It may be a "horseshit lawsuit" in your opinion (but how do you know what the man's injuries may have been?), but it doesn't qualify as "slope rage," nor is it any form of assault. It's not analogous to the other incidents.


----------



## JoeR (Oct 30, 2010)

AcroPhile said:


> January 2006: A 52-year-old Littleton man was charged with assault after he repeatedly punched a 16-year-old girl who had collided with his 7-year-old daughter at Steamboat ski area. Randell Berg was sentenced to probation, community service and anger-management classes. Berg also had to write a letter of apology to the girl.


This is consistent with my prediction earlier in this thread that the puncher in the current case is unlikely to get jail time.


----------



## Extremo (Nov 6, 2008)

Triple8Sol said:


> ...and then she got pancaked.


ROFL :laugh:


----------



## tAo77 (Oct 14, 2010)

What a dope. Monday night I was standing at the end of the lift line and some teenage kid (a boy), who was as tall as myself, came flying up on skis and at the last second slammed on the breaks thus covering me head to toe in snow. He and his buddy got a good laugh and I calmly told him if he ever did that again "I'd punch him in his fucking face." But I didn't actually do it! I'm sure all of us have felt a certain amount of frustration on the slopes, but to actually attack someone is crazy. Kick him out of every resort nation wide. (though impossible to enforce, it would be fitting).


----------



## Donutz (May 12, 2010)

Shocktroop531 said:


> excuse me but..... BULL FUCKING SHIT. sueing the family of an 8 year old who was "skiing recklessly" ? unless the kid came flying off a kicker and landed on the dudes head and paralyzed him, it's a fucking horseshit lawsuit. and even if it was like the scenario I described, it's still iffy in my book.


What I meant was that he stayed within the law, instead of going neanderthal on the kid. Whether you (or he) thinks the lawsuit had merit, well that's a different dicussion.


----------



## Shocktroop531 (Aug 3, 2010)

Donutz said:


> What I meant was that he stayed within the law, instead of going neanderthal on the kid. Whether you (or he) thinks the lawsuit had merit, well that's a different dicussion.

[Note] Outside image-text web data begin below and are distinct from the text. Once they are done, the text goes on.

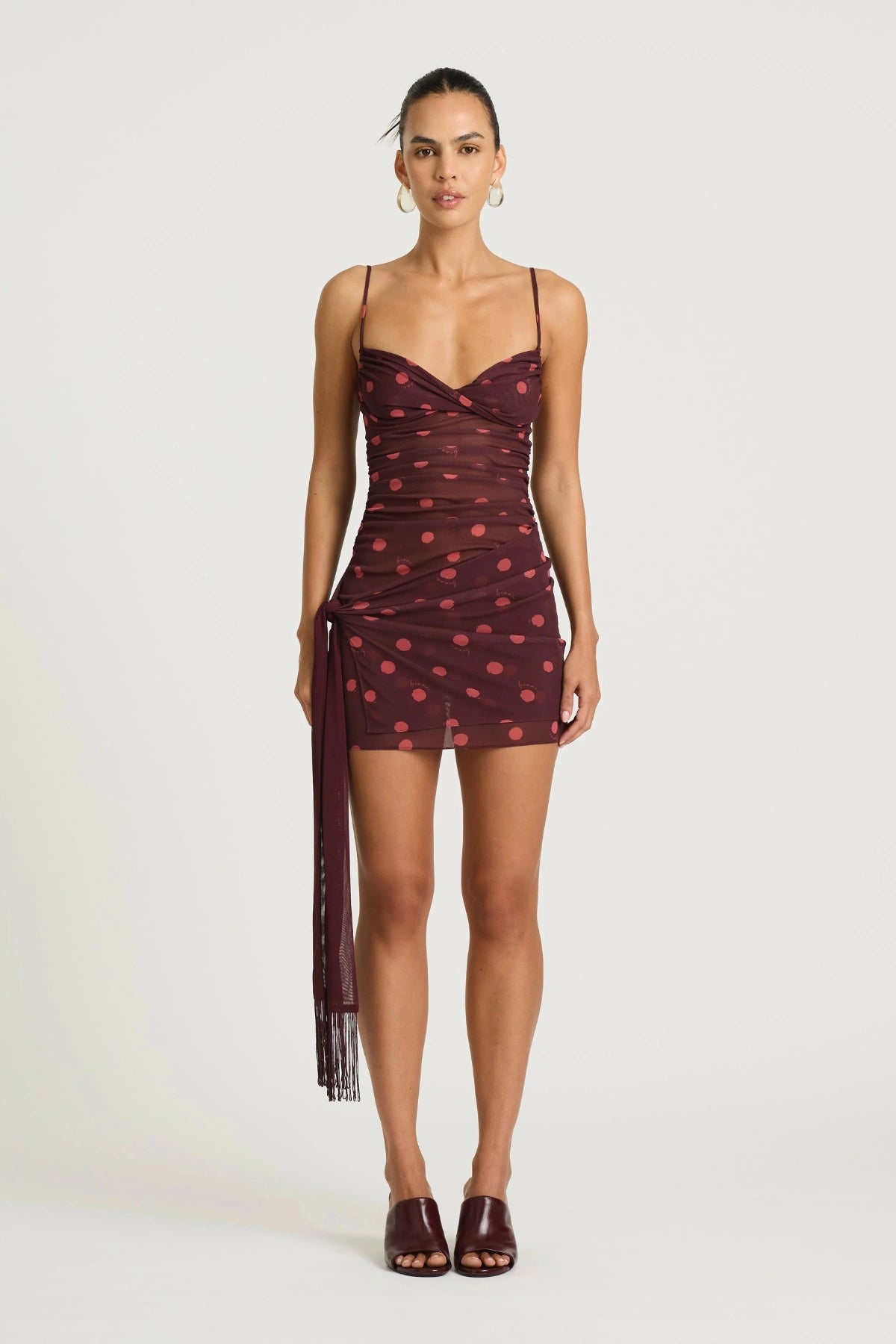 Piper Twist Dress Plum Spot by Benni, a twisted cami mini with draped overlay and tassel waist tie for elevated day-to-night dressing.
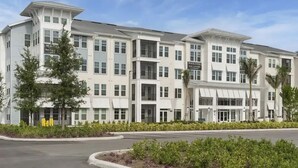 A multi-story hotel with a modern architectural design, featuring a central entrance and multiple windows. - Landing | Spectacular 1BD, Yoga Studio, Game Room (Punta Gorda)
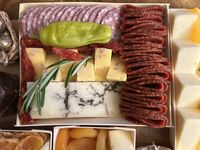 A closeup on cheeses and meats from the Boarderie charcuterie board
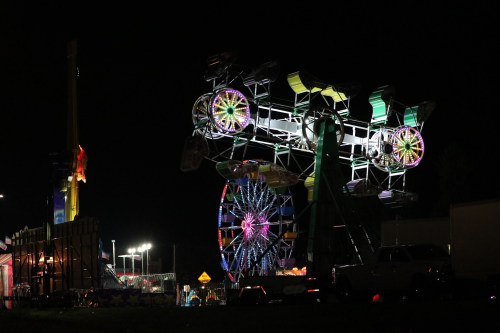 A brightly lit carnival at night featuring a Ferris wheel and a spinning ride against a dark sky.
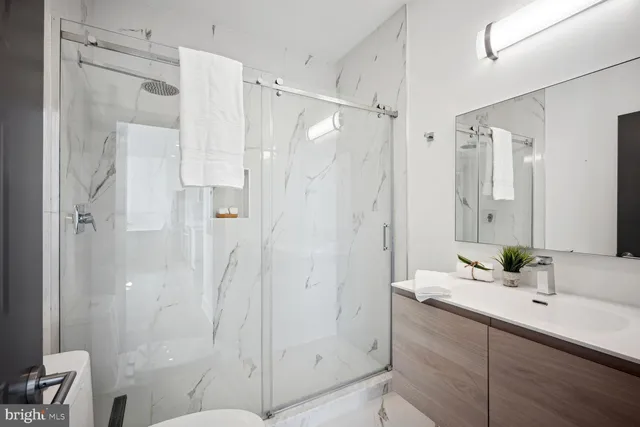 a bathroom with a shower sink and mirror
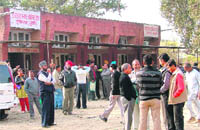 People wait in vain for the Sub-Registrar (East) to return to his office after lunch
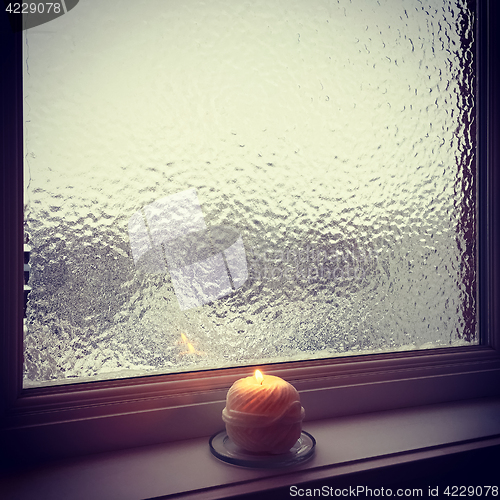 Image of Frosted winter window and burning candle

ok ok. i got cha. yeah, punching a little kid in the face takes a whole nother level of scumbag


----------



## jegnorge (Feb 15, 2010)

while we are on topic, who's fault would this be? idiots sitting down at high speed lanes which can't be seen by people at the top (before the"dip") so when you speed down you see this punk the last second.

OR

people who don't pay attention and cuts you off.

OR 

people who can't ride park but chill at the knuckle/transition and you land on them from a big air.


----------



## Donutz (May 12, 2010)

jegnorge said:


> while we are on topic, who's fault would this be? idiots sitting down at high speed lanes which can't be seen by people at the top (before the"dip") so when you speed down you see this punk the last second.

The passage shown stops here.